Préserver le réseau d’eau
Nous y sommes guidés par Gabrielle Loichat, collaboratrice production végétale et environnement chez AGRIDEA, la centrale de vulgarisation agricole suisse, et par Fabio Mascher, professeur de protection des plantes au département Agronomie de la HAFL. C’est ce dernier qui nous fixe le cadre général. "Sur une exploitation, il faut faire attention à ne pas mélanger les produits phytosanitaires (ou PPh) avec le réseau d’eau de la ferme. Il y a aussi des incompatibilités entre certains fongicides et certains herbicides, et il faut toujours tout nettoyer. Mais ces eaux de nettoyage ne peuvent pas partir dans les égouts, encore moins dans le ruisseau d’à côté."

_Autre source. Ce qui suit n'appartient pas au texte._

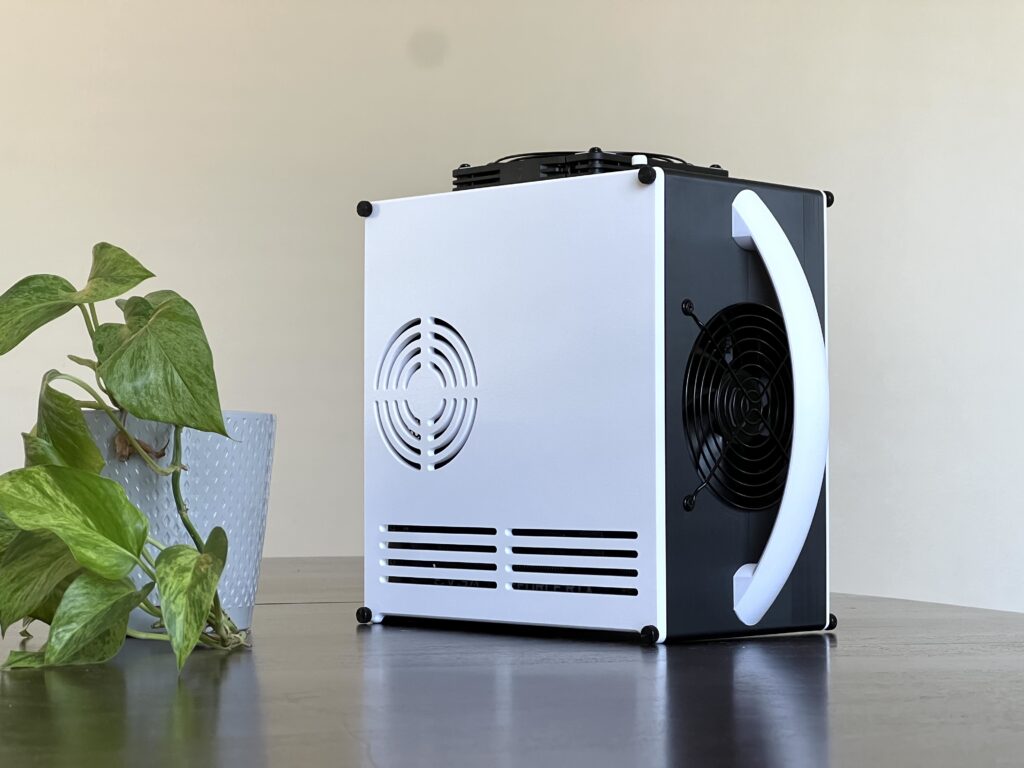 Mini Mighty Rig, Black and White — assembled, hero shot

Quand on n’a pas de champ ni de fosse à purin
"En revanche, il est possible d’épandre ces produits dans son champ, ou dans une fosse à purin si l’on a des animaux à la ferme", poursuit le professeur, "car, dans les deux cas, ils y sont naturellement dégradés en CO2 et en azote. Mais si ces conditions ne peuvent être réunies, sur des parcelles difficiles d'accès ou par manque de place, il y a lieu de neutraliser la nocivité de ces bouillies. Jusqu’à encore récemment, on ne prêtait pas du tout assez attention aux conditions d’utilisation des PPh. J’entends encore mon oncle me dire que le cuivre, employé comme fongicide, était un désinfectant. Mais on n’avait pas conscience des concentrations utilisées, et on pouvait s’intoxiquer. Avec ces machines, et les différents équipements de protections certifiés qui les accompagnent, ce risque peut être considérablement réduit." Un mot du cuivre justement: lui ne peut absolument pas être dégradé, et sera donc extrait par ces systèmes, avant d’être éliminé dans une déchetterie spécialisée, ou bien épandu dans le champ si les taux mesurés entrent dans les normes admises.

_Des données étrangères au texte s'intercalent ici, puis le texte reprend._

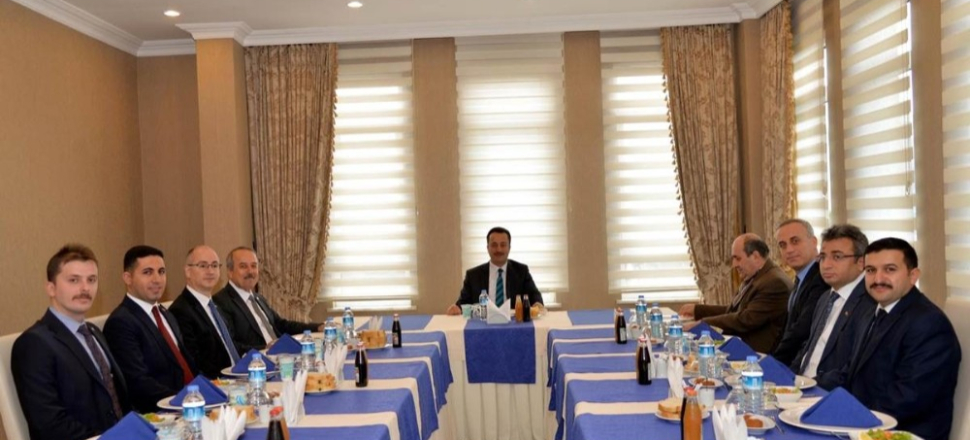 Bilecik'te Vali Şentürk, mülki idari amirleriyle buluştu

Partenariat avec des fournisseurs
Mais à Gabrielle Loichat de mieux nous détailler le projet: "Une plateforme «Produits phytosanitaires et eaux» a été créée à l’automne 2018, pour gérer les interfaces entre Confédération, Cantons et recherche, vulgarisation et application légale, et c’est cette plateforme qui a développé l’exposition à partir de 2022, en français et en allemand. AGRIDEA a travaillé dessus avec la HAFL et l’INFORAMA Rütti. On a plusieurs partenariats avec des fournisseurs, qui nous ont mis à disposition leurs outils, ce qui permet à nos visiteurs d’avoir une vue d’ensemble et de choisir ce qui convient le mieux à leur exploitation. Certaines machines utilisent de l’électricité et on peut les faire tourner, d’autres pas". Et Fabio Mascher d’ajouter: "Beaucoup viennent de France, du fait de leur programme Ecophyto [qui remonte à 2009] pour réduire l’impact des PPh sur l’environnement. Cela a encouragé de petites entreprises dédiées à développer leurs outils."

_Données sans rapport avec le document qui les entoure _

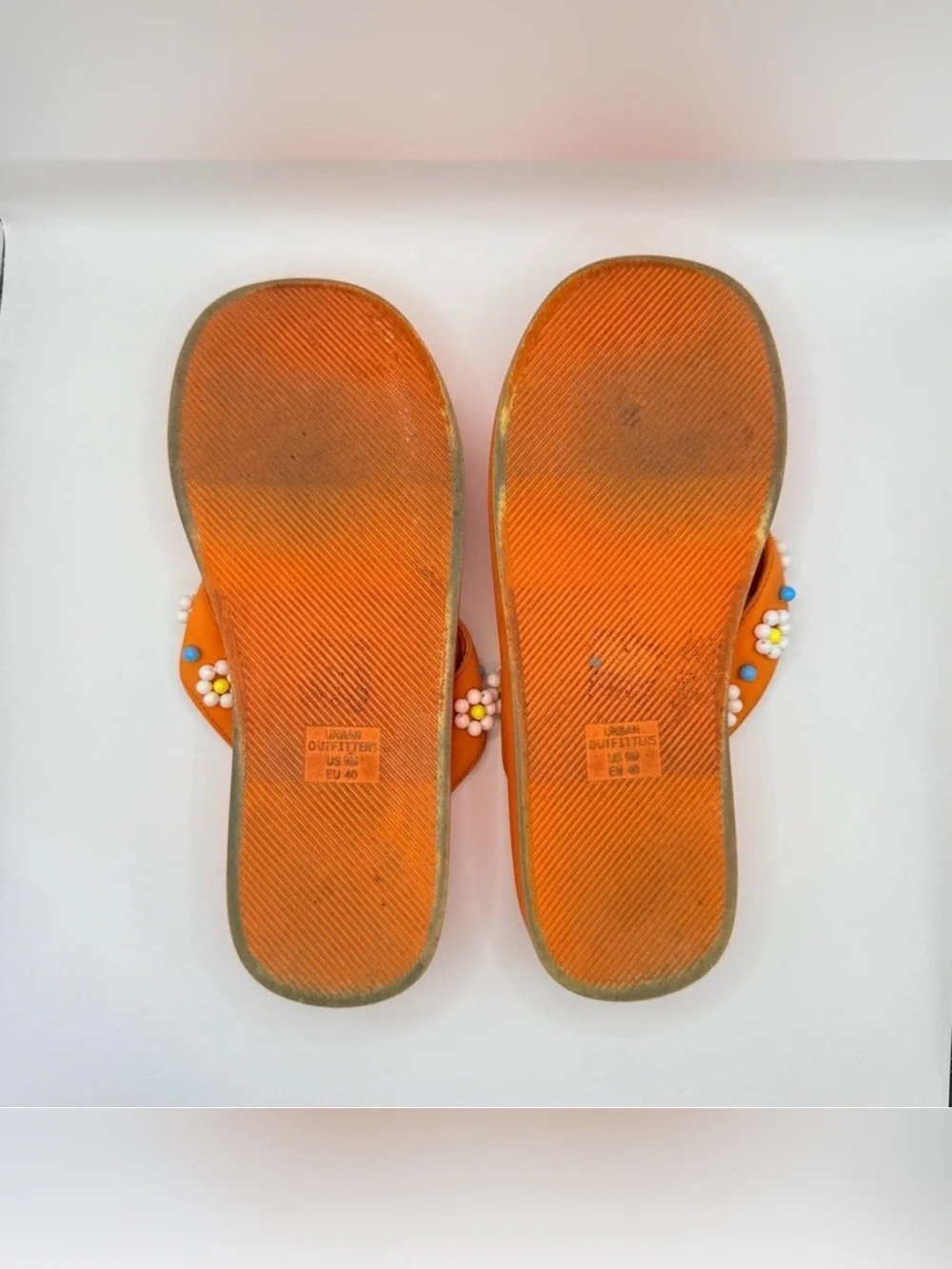 Urban Outfitters Orange Beaded Daisy Flip Flop Sandals Women’s Size 9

Dégradation microbienne, évaporation ou filtration
Sans entrer dans des considérations technico-chimiques, toutes ces machines ont donc en commun de traiter efficacement les effluents de PPh, pour que rien ne parte à la STEP ni ne reste dans les eaux de surface. On peut considérer trois modes de fonctionnement: soit la dégradation microbienne, soit l’évaporation, soit la filtration. Les différents modes de fonctionnement peuvent être combinés. L’évaporation peut être naturelle ou forcée. Les volumes traités diffèrent en fonction du système. Les coûts d’acquisition, d’entretien et d’élimination varient également.
Partager les dernières connaissances
"On a envie de promouvoir ce site", poursuit Gabrielle Loichat, "que des gens viennent partager les dernières connaissances dans ce domaine. On s’adresse aussi bien aux professionnels qu’aux représentants des collectivités. En Valais, certaines communes ont des places de lavage-remplissage mises à disposition des agriculteurs, et leur coût peut être partagé entre les agriculteurs et les pouvoirs publics. Tous ont donc vocation à venir ici, pour se faire présenter la documentation et comparer les systèmes. Sachant que nous ne sommes pas des vendeurs mais restons neutres." Quant au professeur à la HAFL, il y voit aussi forcément "l’occasion d’une prise conscience des étudiants sur un problème auquel ils n’avaient souvent encore pas pensé". "D’autant que mes élèves sont les futurs vulgarisateurs de ces enjeux, et qu’ils doivent connaître à la fois la législation en vigueur et ce qui existe sur le marché pour travailler en adéquation avec la loi."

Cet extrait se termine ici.